495 lines (415 loc) · 18.7 KB

Declarative Programming

Up to now, we have mostly covered languages where we control the flow of execution -- imperative languages. Again, remember that programming languages can implement multiple paradigms. For example, J is an array programming language yet is imperative and functional. Prolog is a logic programming language, which is a subset of declarative languages.

Okay but what is a declarative language? Declarative programming simply means when you declare what should happen, without saying how it should happen. For example, in Prolog you declare rules but you never tell the interpreter/compiler how to check which propositions/predicates are true. Another example, in SQL you declare what data you want to select (query) but you do not tell the server how to select those data.

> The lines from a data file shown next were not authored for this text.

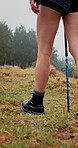 Person, legs and hiking with walking stick on grass field for adventure, journey or outdoor trip. Closeup, hiker or trekking with boots, shoes or aid for physical activity or exercise in forest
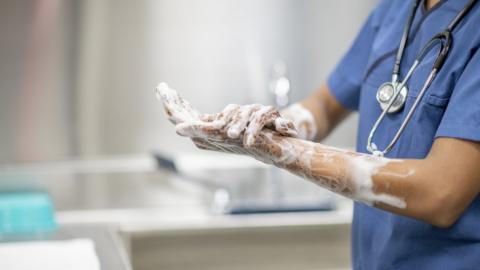 Stock image of a doctor washing their hands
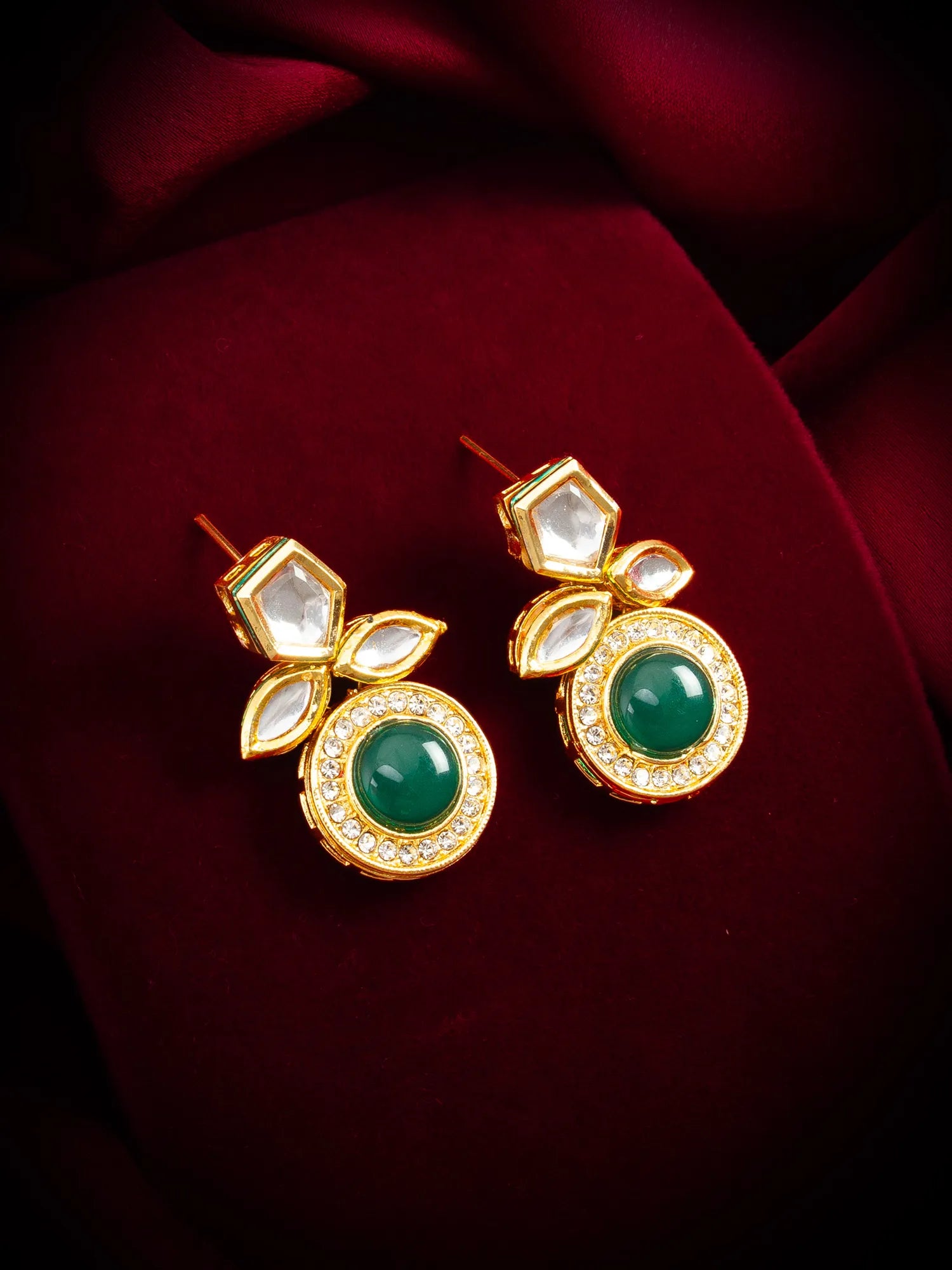 Gold earrings with green gemstones on a red fabric background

One can view declarative languages as a form of black box to perform computations. You have access to a set of commands, but you do not control how the language performs the actual computation. We are essentially describing an API. In-fact, we are describing, abstractly, domain-specific languages.

Forms

Declarative programming moreso encompasses the following language paradigms:

  1. Constraint programming -- specifying constraints to solve combinatorial problems
  2. Logic languages -- as we have seen before
  3. Mathematical modeling -- giving the computer functions/models to yield visualization output
  4. Domain-specific languages -- the most common; small specialized languages

Logic languages are an important subspace of declarative languages. We have discussed these in detail prior, though. We continue here discussing domain-specific languages, because they are important as well.

Domain-Specific Languages

A domain-specific language is a language that applies to a particular domain. Meaning, if you have a specific problem to solve (a domain, or problem domain) then a domain-specific language exists to solve it (and only it). For example, HTML and CSS are domain-specific languages for the user-interface problem space. Another example, SQL is a domain-specific language in the database query problem space.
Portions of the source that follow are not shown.